Books

Is Samantha Shannon the "Next J.K. Rowling"?

by Tara Merrigan

Curse you Samantha Shannon!!! You go and create this amazingly original book, and then make me wait for the rest?! I'm not going to make it."

These are the first two lines of a Goodreads.com response to The Bone Season, a debut novel by Samantha Shannon, the 21-year-old Brit being touted as the ‘next J.K. Rowling.’ This reviewer’s italics, exclamation points, and near-hysterical desire for the next installment capture the essence of much of the positive reaction to the novel, which came out today: Readers want — no, need more.

It is this very quality that makes Shannon a potential contender for the ‘next Rowling’ spot. It may or may not be coincidence that she has signed a lucrative seven-book deal contract, the exact same number of Harry Potter books Rowling published. (This just sounds like good marketing.) It too may be a happy accident that Shannon is also a Brit with dirty blonde hair. But what really ties the upcoming novelist to the established Rowling is the nature of her books.

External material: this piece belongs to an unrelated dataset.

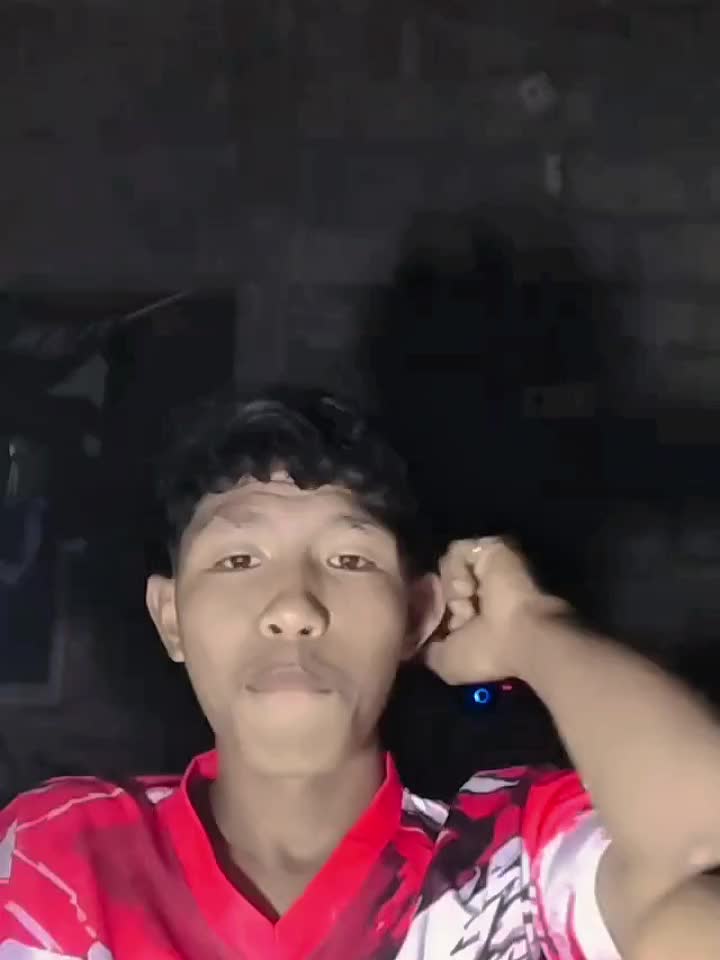 @Y. O. N. I. Z🇧🇷🇮🇩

Like Rowling, Shannon creates a detailed alternative reality that sucks in readers, causing them to forget about their actual lives. Her book takes place in a London of the future, in which a clairvoyant named Paige has to fight against a captor trying to turn her into a soldier. (The prison is located at what was once Oxford, Shannon’s alma mater. This detail makes the book’s premise sound like a bad allegory about the influence of higher education.) One disappointed Goodreads reviewer explains that she didn’t like the book because it failed to do that for her: “I really wanted Shannon to be the next J.K.Rowling, as some are calling her. I really wanted her debut to take me out of this world and leave me desperate to get my hands on the next installment.”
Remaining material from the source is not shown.